* _Data below_
★ ★ ★ ★ ★ ★ ★

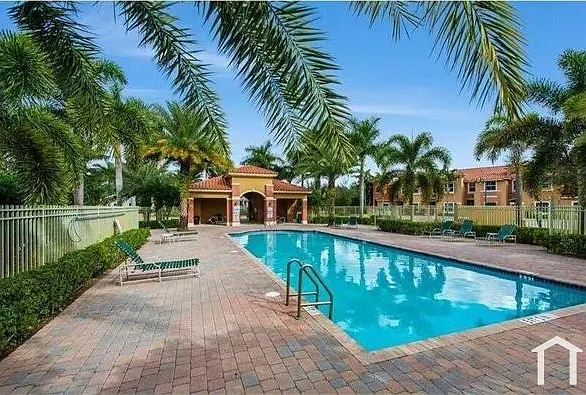 1035 SW 144th Ave — Photo 16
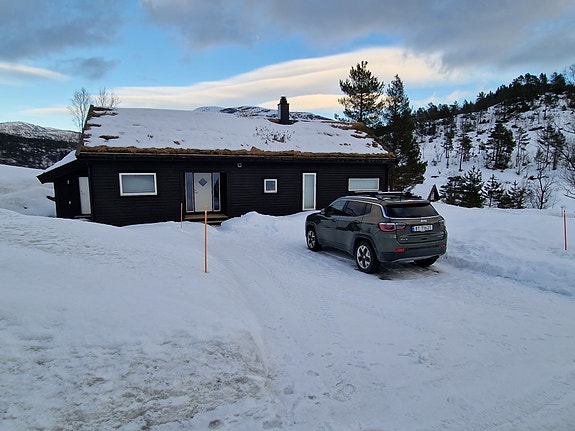 Strandebarm i Hardanger. Moderne fritidsbolig på Haukås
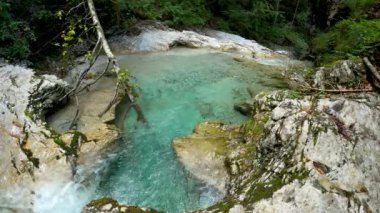 Akıntı ve Turkuaz Suyu ile Dağ Manzarası - 5K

★ ★ ★ ★ ★ ★ ★

* _Goal of the exercise_
Could you give the material again exactly as it stands, omitting any image?

* _Answer space_
 1035 SW 144th Ave — Photo 16
 Strandebarm i Hardanger. Moderne fritidsbolig på Haukås
 Akıntı ve Turkuaz Suyu ile Dağ Manzarası - 5K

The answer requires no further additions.